On the night of 3 April, the Confederate Army of Northern Virginia retreated from Petersburg, which the division entered on the following morning, meeting little resistance. The 211th picketed the bank of the Appomattox River and saved the railroad bridge and part of the foot bridge from fires started by Confederate forces before marching back to camp in midday. During the pursuit of the Confederate forces it guarded the trains as the army advanced along the Southside Railroad, receiving news of the Confederate surrender at Nottoway Court House on 9 April. The 211th remained there until 20 April, then moved to City Point and lastly Alexandria between 20 and 28 April, where it remained until mustering out.

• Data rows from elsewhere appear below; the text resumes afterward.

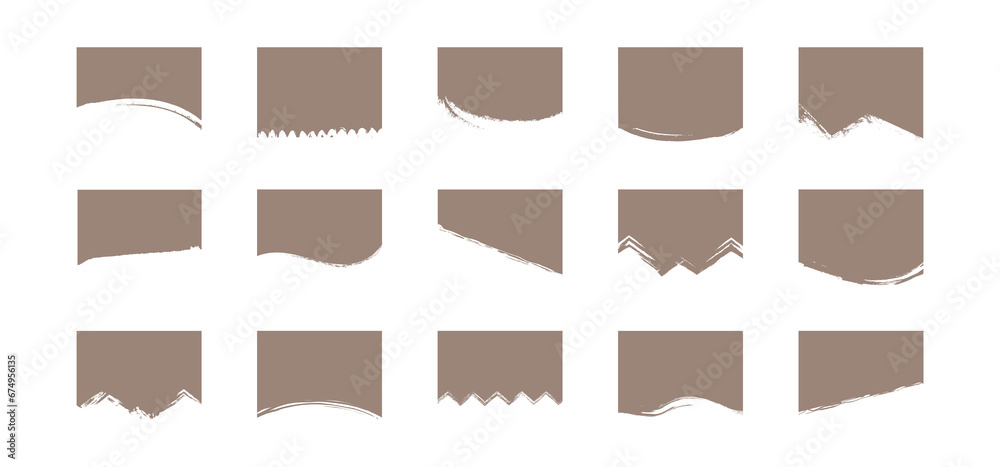 Wall mural separator header shape, torn paper set, template design top page website, divider header web banner,
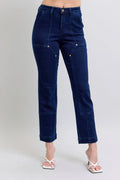 Full Size High Waist Workwear Patch Pocket Straight Leg Judy Blue Jeans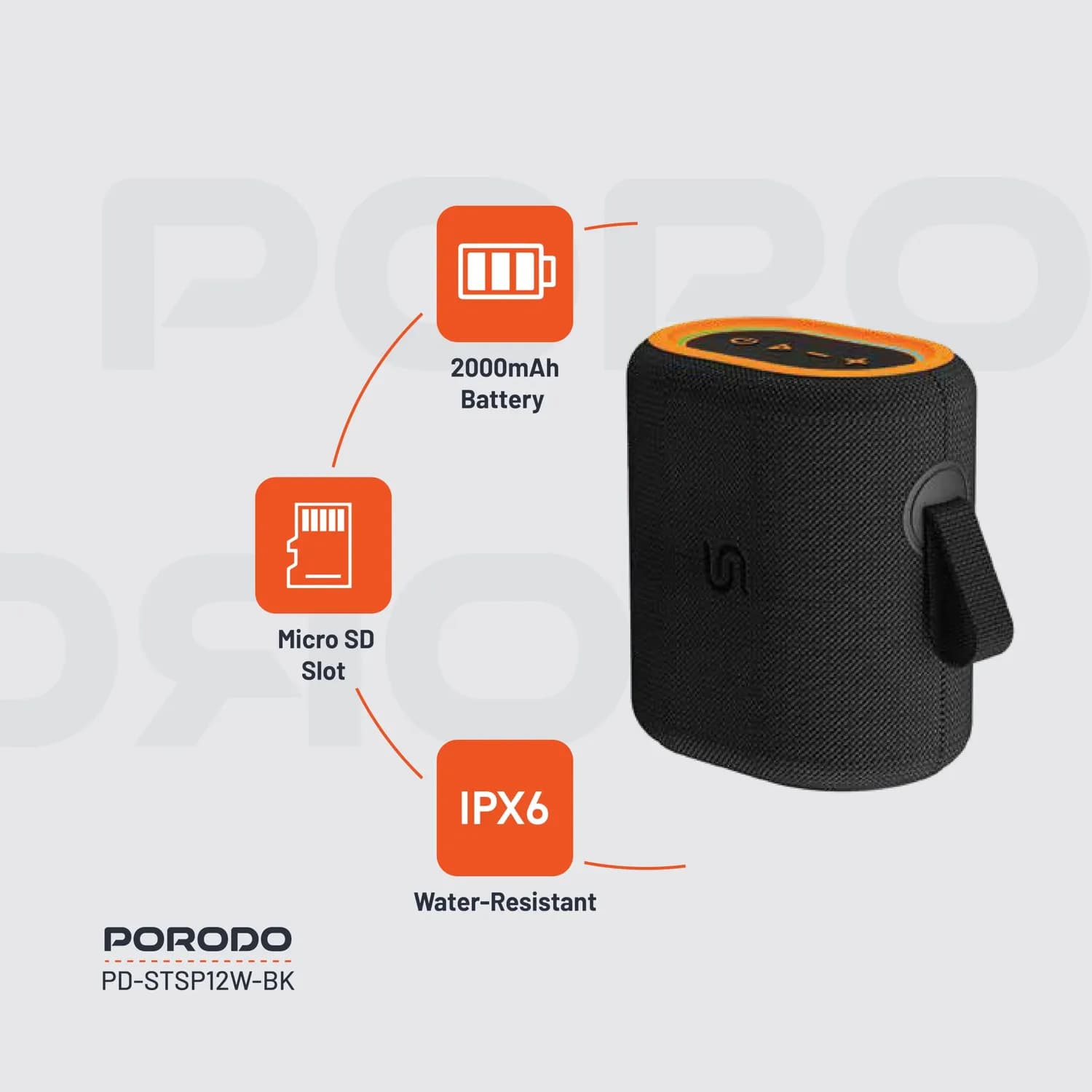 Porodo Portable Speaker Soundtec Rave - 12W, Black 4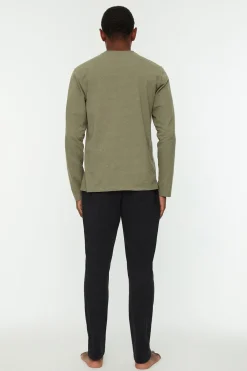 Trendyol Conjunto pijama liso hombre dibujo panda kaki Sale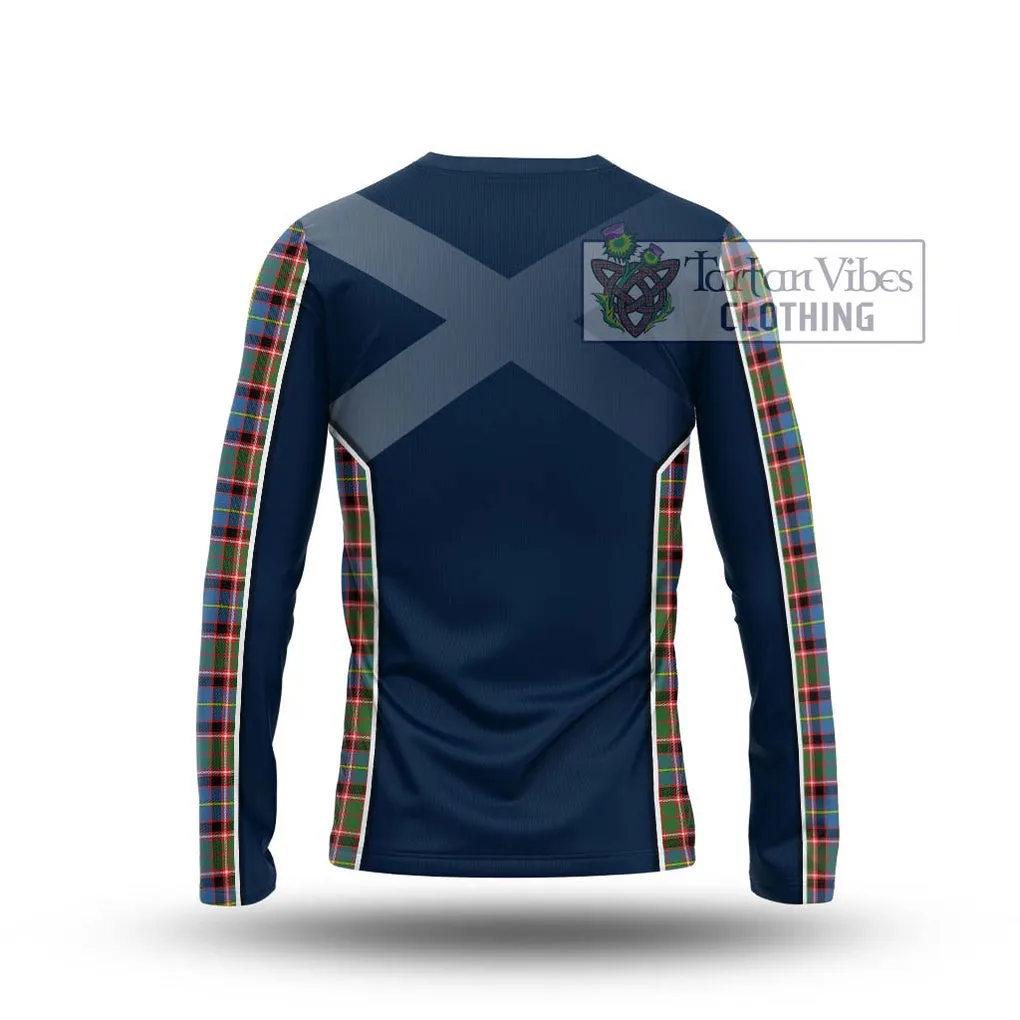 Aikenhead Tartan Long Sleeve T-Shirt with Family Crest and Lion Rampant Vibes Sport Style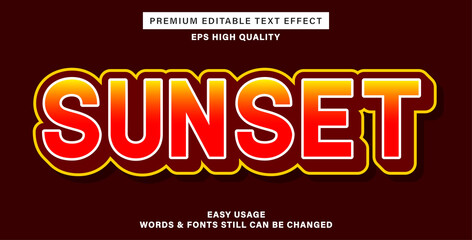 Editable text effect sunset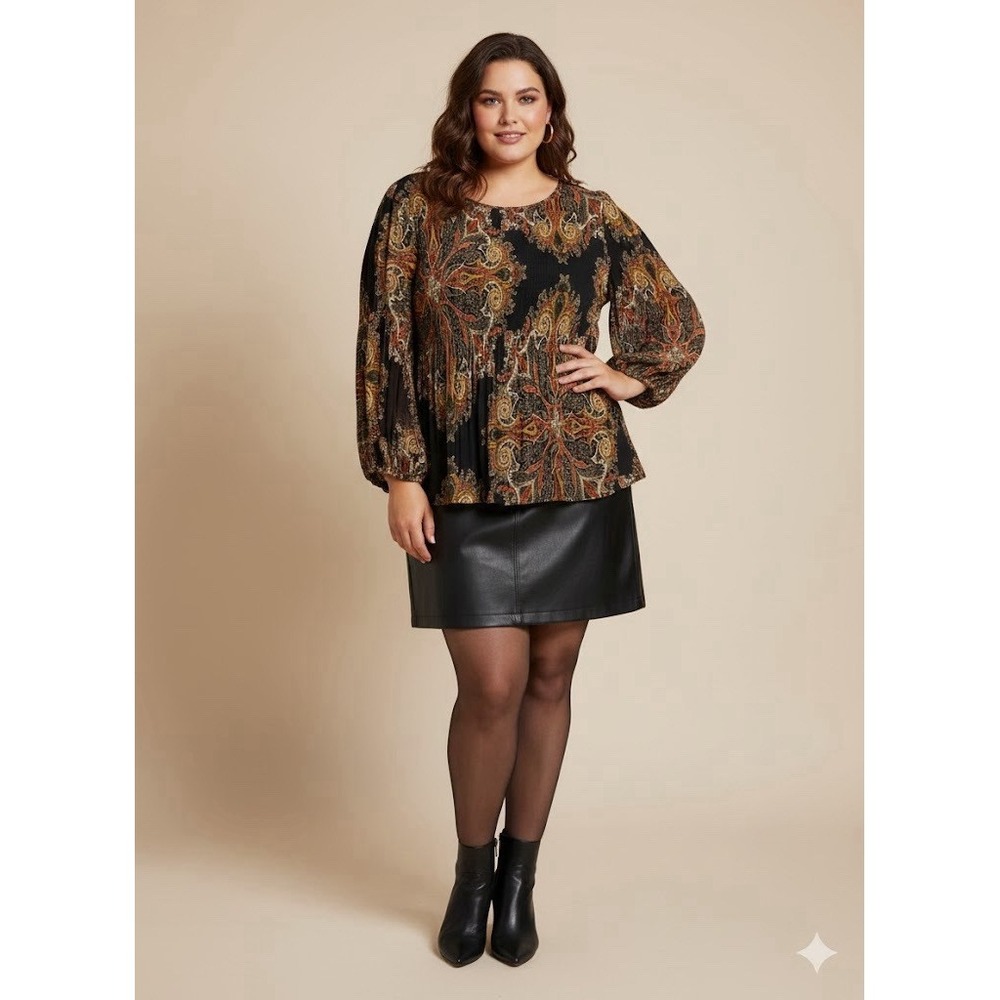 NWT Floral & Ivy Boho Paisley Pleated Peplum Top 2X Rust & Black Balloon Sleeves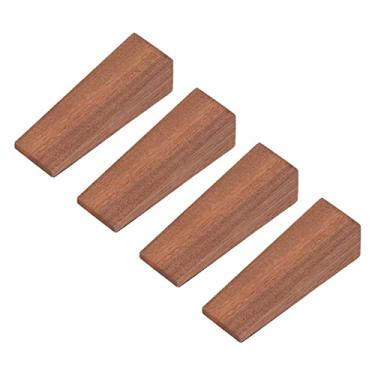 Imagem de Luqeeg 4 batentes de porta de madeira de faia maciça, cunha triangular marrom escuro antiderrapante para quarto, banheiro, sala de estar, escritório, evita batidas e arranhões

After participating in the Grand Review of the Armies on 23 May, it mustered out on 2 June. During its service, the regiment lost six officers and 38 men killed or mortally wounded, and 53 men to disease, for a total of 97.

== Monuments ==
The designation of the 211th Pennsylvania is inscribed on the monument to Hartranft's division on the site of Fort Mahone in Petersburg. Its 1909 dedication was attended by veterans of the regiment and the entire division.